On Wed, Jun 24, 2009 at 04:47:25PM -0700, James Chacon wrote:
>
> On Jun 24, 2009, at 4:07 PM, Manuel Bouyer wrote:
>
>> On Wed, Jun 24, 2009 at 11:14:43PM +0200, Marc Balmer wrote:
>>>
>>> Am 24.06.2009 um 21:42 schrieb Manuel Bouyer:
>>>
>>>> On Wed, Jun 24, 2009 at 09:00:53PM +0200, Marc Balmer wrote:
>>>>>> I'd have phrased it differently, but I agree with Thor -- this  
>>>>>> is a
>>>>>> bad
>>>>>> API.  Nor have I seen sufficient evidence that it's widely used in
>>>>>> software we might want to import.
>>>>>
>>>>> I am eager to learn why it is bad.
>>>>
>>>> I think Thor explained it quite well. And yes, I did look at the man
>>>> page.
>>>
>>> he did not.  he completely failed to back his strong words...

As I pointed out, the API for this function, *as specified by the manual
page*, distinguishes error return cases by way of *specific strings
given in the manual page* (which is why it is not localizable) which
it does not distinguish by different errno values.

In other words, strcmp against the strings given in the manual page is
the only way to tell two distinct error cases apart; if you rely on
errno, you can't do anything different, as multiple errors are needlessly
mapped to the same errno value.

> Look at it this way...If the error is in errno, what value does the  
> string have?
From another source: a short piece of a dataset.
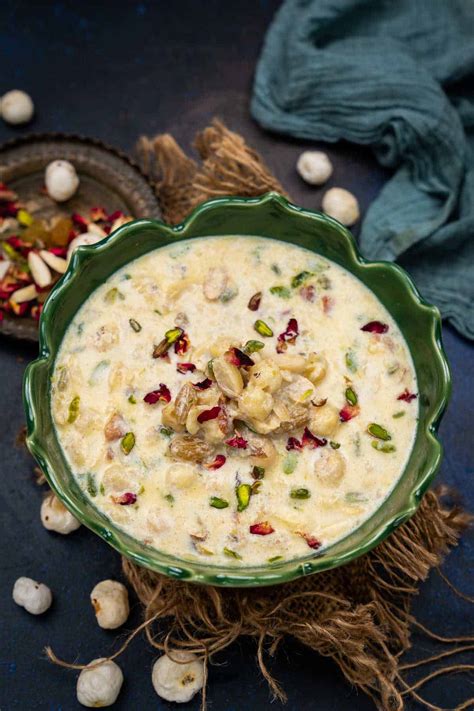 Phool Makhana Kheer Recipe (Makhane Ki Kheer) + Video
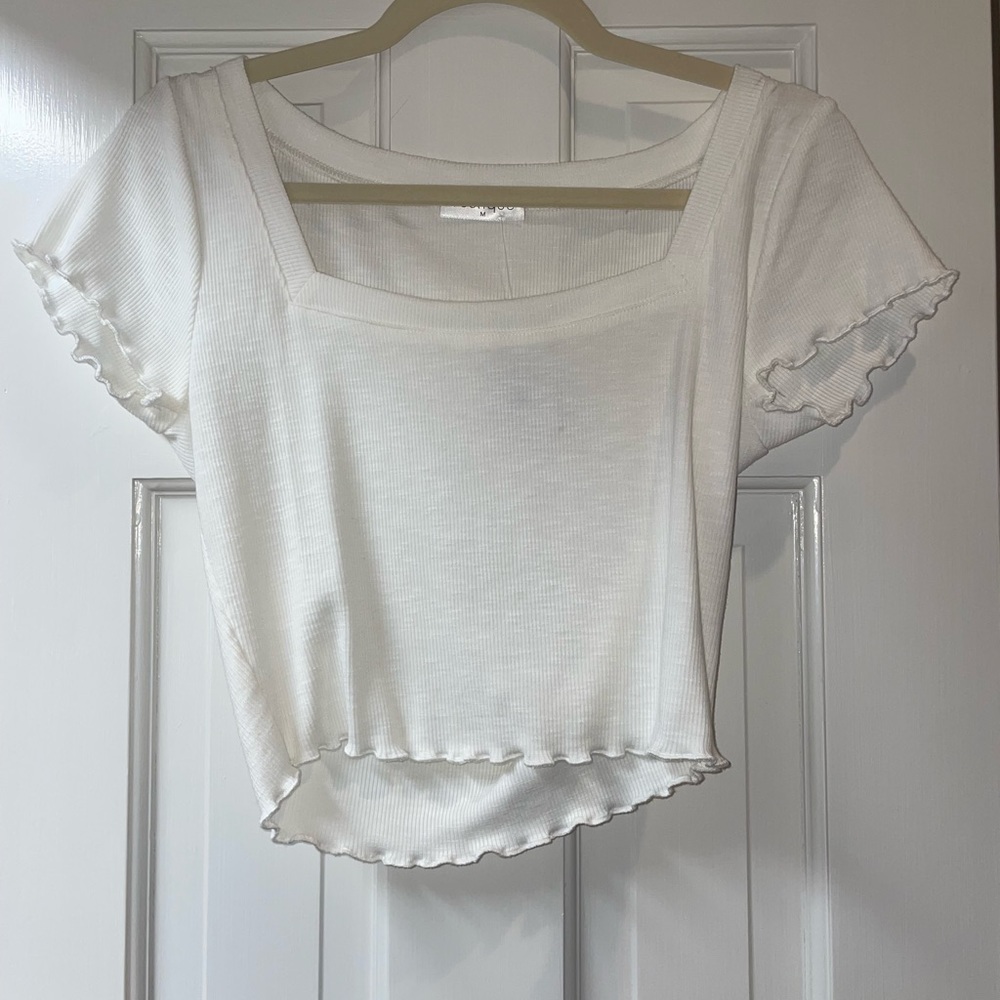 Vestique white ribbed shirt with ruching on bottom and sleeves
Zero basically since any modern program can't use it.

And that's precisely what's wrong with the API for this function as
specified by the manual page (and AFAICT as present in all current
open-source implementations): the errno values don't actually distinguish
all the possible different error cases the error strings do.

Of course, I must be making this up (or my argument must be worth
handwaving away) because it must necessarily be the case that when I
talk about the API specified by the documentation for the function, I
am not reading the manual page, I am just making it up from the whole
cloth.

However, those who do care to refer to the manual page will, I think,
quickly be able to see the same thing I say I did: the "error strings"
distinguish error cases which the documented errno values don't.